According to a December 2020 report by the Centre for Addiction and Mental Health Canada (CAMH), COVID-19 is having a negative impact on many Canadians.
For example, about one-third of 18 to 39-year-olds reported they had moderate to severe anxiety.
When the province announced the move to online learning in Ontario, graduating students lost their extracurricular activities such as clubs, parties and their remaining high school experience.
Many of those students have now gone on to post-secondary where they have spent a year learning online.
Another CAMH study showed half of Canadians reported a decrease in mental health stability since the pandemic began in March 2020.
The survey also found that 21 per cent of people ages 18 to34 have increased their alcohol consumption since the start of the pandemic.However, the past year has given students time to reflect and evaluate their personal habits.
Maha Kamran, 18, Early Childcare Education student at DC, said she has been affected both negatively and positively in the past year.
Kamran said she picked up new hobbies such as painting and word puzzles during the pandemic which helped reduce her stress level.
She encourages students to spend time with family and friends.

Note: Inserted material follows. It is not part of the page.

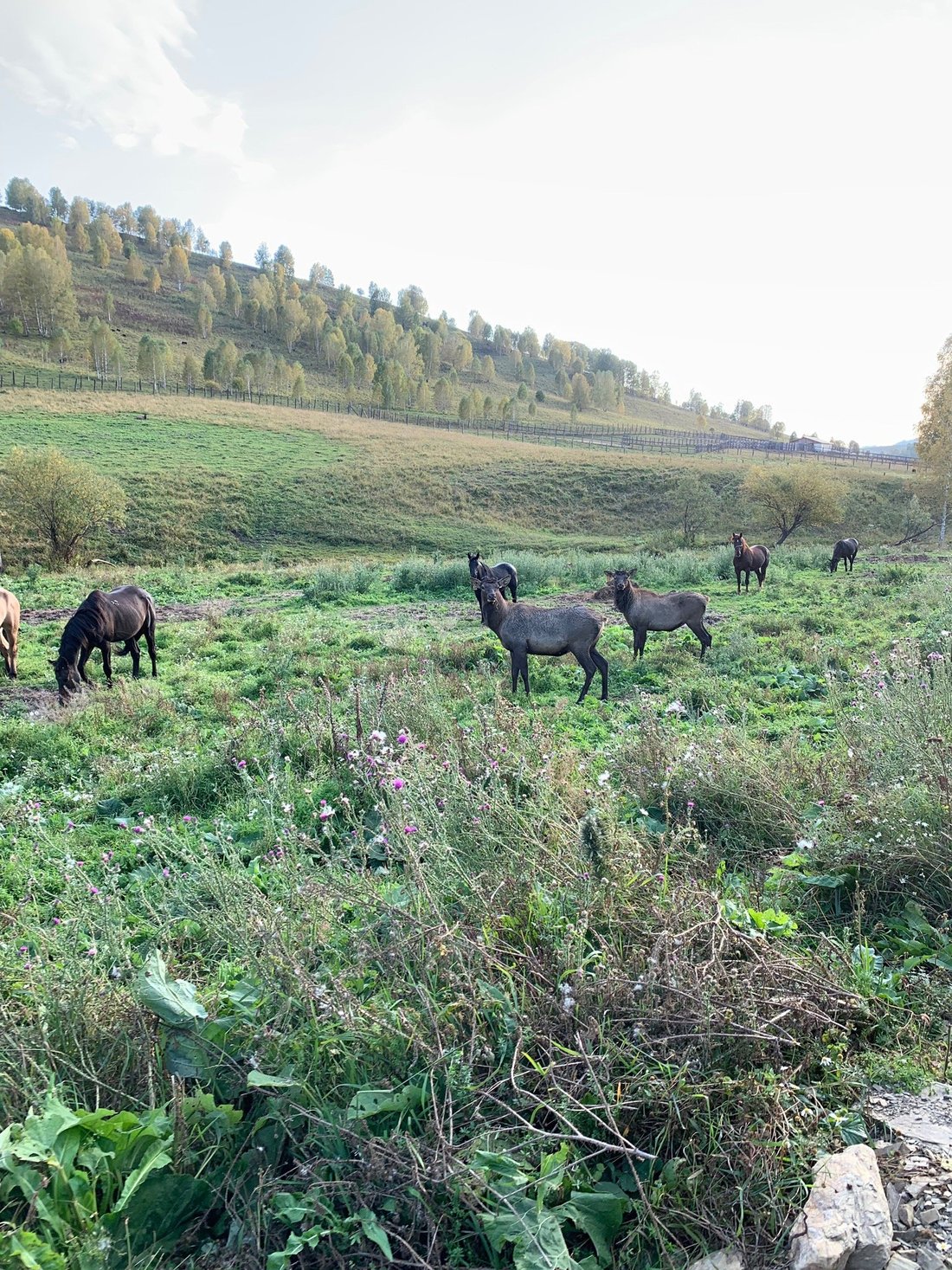 ЗОЛОТО АЛТАЯ (Белокуриха) - отзывы и фото - Tripadvisor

Kamran says it is important to prioritize and listen to your soul, body and mind during this challenging time.
“The pandemic has overwhelmed a lot of people. It is important to take care of yourself and know that the best person to be there for you is yourself,” said Kamran.
On Instagram, students say they’re journaling, writing, reading and going on daily walks to attract positive energy in their lives.
In the past year, some students say they have learned to take breaks from technology and enjoy activities such as small walks and bike rides in parks.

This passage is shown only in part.